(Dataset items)
################
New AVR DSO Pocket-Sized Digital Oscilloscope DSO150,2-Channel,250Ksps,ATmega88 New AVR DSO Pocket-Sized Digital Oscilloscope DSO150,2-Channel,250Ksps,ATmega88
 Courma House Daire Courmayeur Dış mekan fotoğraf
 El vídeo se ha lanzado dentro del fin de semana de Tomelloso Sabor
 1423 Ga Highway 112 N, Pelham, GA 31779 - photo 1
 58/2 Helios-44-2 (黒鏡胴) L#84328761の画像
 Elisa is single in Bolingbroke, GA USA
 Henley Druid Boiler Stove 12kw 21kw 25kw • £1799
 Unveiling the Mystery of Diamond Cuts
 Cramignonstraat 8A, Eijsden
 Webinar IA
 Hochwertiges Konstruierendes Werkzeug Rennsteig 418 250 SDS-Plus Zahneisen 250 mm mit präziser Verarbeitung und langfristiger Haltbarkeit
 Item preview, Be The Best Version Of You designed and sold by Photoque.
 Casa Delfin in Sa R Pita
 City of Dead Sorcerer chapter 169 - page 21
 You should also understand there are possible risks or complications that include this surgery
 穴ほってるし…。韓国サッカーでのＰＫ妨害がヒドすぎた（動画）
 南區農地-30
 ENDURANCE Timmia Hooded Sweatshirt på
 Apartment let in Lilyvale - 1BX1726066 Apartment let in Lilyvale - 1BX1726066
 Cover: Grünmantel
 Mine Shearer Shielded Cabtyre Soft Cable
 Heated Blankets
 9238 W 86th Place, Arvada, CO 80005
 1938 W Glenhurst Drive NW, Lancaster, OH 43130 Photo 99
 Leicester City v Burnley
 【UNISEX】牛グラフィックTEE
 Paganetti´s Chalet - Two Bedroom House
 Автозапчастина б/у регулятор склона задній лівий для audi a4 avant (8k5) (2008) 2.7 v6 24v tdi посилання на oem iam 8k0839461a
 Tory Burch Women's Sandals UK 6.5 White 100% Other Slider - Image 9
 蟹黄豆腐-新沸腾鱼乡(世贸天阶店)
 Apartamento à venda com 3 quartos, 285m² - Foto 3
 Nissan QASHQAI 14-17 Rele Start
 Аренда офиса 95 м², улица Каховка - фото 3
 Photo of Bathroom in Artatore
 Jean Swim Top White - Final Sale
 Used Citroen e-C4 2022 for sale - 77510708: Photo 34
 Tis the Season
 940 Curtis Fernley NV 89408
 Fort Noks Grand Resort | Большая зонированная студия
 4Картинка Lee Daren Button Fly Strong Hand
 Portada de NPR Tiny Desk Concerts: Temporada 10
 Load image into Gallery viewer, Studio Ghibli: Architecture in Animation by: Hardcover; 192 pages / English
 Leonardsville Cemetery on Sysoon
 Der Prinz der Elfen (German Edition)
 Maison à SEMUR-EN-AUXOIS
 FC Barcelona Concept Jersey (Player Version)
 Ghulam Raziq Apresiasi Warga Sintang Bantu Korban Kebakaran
################
Without changing a single word, reproduce the entries above.

New AVR DSO Pocket-Sized Digital Oscilloscope DSO150,2-Channel,250Ksps,ATmega88 New AVR DSO Pocket-Sized Digital Oscilloscope DSO150,2-Channel,250Ksps,ATmega88
 Courma House Daire Courmayeur Dış mekan fotoğraf
 El vídeo se ha lanzado dentro del fin de semana de Tomelloso Sabor
 1423 Ga Highway 112 N, Pelham, GA 31779 - photo 1
 58/2 Helios-44-2 (黒鏡胴) L#84328761の画像
 Elisa is single in Bolingbroke, GA USA
 Henley Druid Boiler Stove 12kw 21kw 25kw • £1799
 Unveiling the Mystery of Diamond Cuts
 Cramignonstraat 8A, Eijsden
 Webinar IA
 Hochwertiges Konstruierendes Werkzeug Rennsteig 418 250 SDS-Plus Zahneisen 250 mm mit präziser Verarbeitung und langfristiger Haltbarkeit
 Item preview, Be The Best Version Of You designed and sold by Photoque.
 Casa Delfin in Sa R Pita
 City of Dead Sorcerer chapter 169 - page 21
 You should also understand there are possible risks or complications that include this surgery
 穴ほってるし…。韓国サッカーでのＰＫ妨害がヒドすぎた（動画）
 南區農地-30
 ENDURANCE Timmia Hooded Sweatshirt på
 Apartment let in Lilyvale - 1BX1726066 Apartment let in Lilyvale - 1BX1726066
 Cover: Grünmantel
 Mine Shearer Shielded Cabtyre Soft Cable
 Heated Blankets
 9238 W 86th Place, Arvada, CO 80005
 1938 W Glenhurst Drive NW, Lancaster, OH 43130 Photo 99
 Leicester City v Burnley
 【UNISEX】牛グラフィックTEE
 Paganetti´s Chalet - Two Bedroom House
 Автозапчастина б/у регулятор склона задній лівий для audi a4 avant (8k5) (2008) 2.7 v6 24v tdi посилання на oem iam 8k0839461a
 Tory Burch Women's Sandals UK 6.5 White 100% Other Slider - Image 9
 蟹黄豆腐-新沸腾鱼乡(世贸天阶店)
 Apartamento à venda com 3 quartos, 285m² - Foto 3
 Nissan QASHQAI 14-17 Rele Start
 Аренда офиса 95 м², улица Каховка - фото 3
 Photo of Bathroom in Artatore
 Jean Swim Top White - Final Sale
 Used Citroen e-C4 2022 for sale - 77510708: Photo 34
 Tis the Season
 940 Curtis Fernley NV 89408
 Fort Noks Grand Resort | Большая зонированная студия
 4Картинка Lee Daren Button Fly Strong Hand
 Portada de NPR Tiny Desk Concerts: Temporada 10
 Load image into Gallery viewer, Studio Ghibli: Architecture in Animation by: Hardcover; 192 pages / English
 Leonardsville Cemetery on Sysoon
 Der Prinz der Elfen (German Edition)
 Maison à SEMUR-EN-AUXOIS
 FC Barcelona Concept Jersey (Player Version)
 Ghulam Raziq Apresiasi Warga Sintang Bantu Korban Kebakaran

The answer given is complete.